Dr. Maher Hathout, who helped found the Muslim Public Affairs Council, and was viewed by many local Muslims as a leader of the American Muslim community, died Friday, according to the MPAC.
Hathout was born in 1936 in Egypt, and emigrated to the United States, where “he stressed for four decades that being a faithful Muslim was entirely compatible with being a proud American,” according to a statement from the MPAC.
“Dr. Hathout believed that American Muslims would contribute to America by practicing the Islamic virtues of mercy, equity and justice,” the council said.
Hathout was a volunteer at the Islamic Center of Southern California and helped found its youth movement.

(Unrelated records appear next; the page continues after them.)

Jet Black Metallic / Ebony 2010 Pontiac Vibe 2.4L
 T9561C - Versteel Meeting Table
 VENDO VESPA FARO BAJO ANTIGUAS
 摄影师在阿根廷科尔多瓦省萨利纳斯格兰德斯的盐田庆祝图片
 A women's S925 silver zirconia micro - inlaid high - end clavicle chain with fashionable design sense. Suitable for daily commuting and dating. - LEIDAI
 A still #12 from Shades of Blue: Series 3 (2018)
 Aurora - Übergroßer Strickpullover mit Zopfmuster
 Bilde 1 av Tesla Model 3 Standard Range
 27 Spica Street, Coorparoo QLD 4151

He helped co-found the MPAC in 1988.
In 1991, he joined with a rabbi and a priest to create the Religious Coalition Against The War in the Middle East.
In 2013, he authored the MPAC’s “Declaration Against Extremism” and at the 2014 convention made a speech entitled “Extremism: Wrong Policy and Corrupt Ideology.”
Hathout was the first Muslim to give the invocation prayer at a national political convention, when he blessed the Democratic convention in 2000 in Los Angeles.
He was the recipient of many awards, including the George Regas Courageous Peacemaker Award, the Lifetime Service Award form the Islamic Shura Council of Southern California, the South Coast Interfaith Council Award for his lifelong commitment to interfaith work, and Los Angeles County’s John Allen Buggs Award for excellence in human relations.
Mathour was also a full-time cardiologist, and is survived by his wife, Dr. Ragaa Hathout, his children Gasser and Samer and four grandchildren.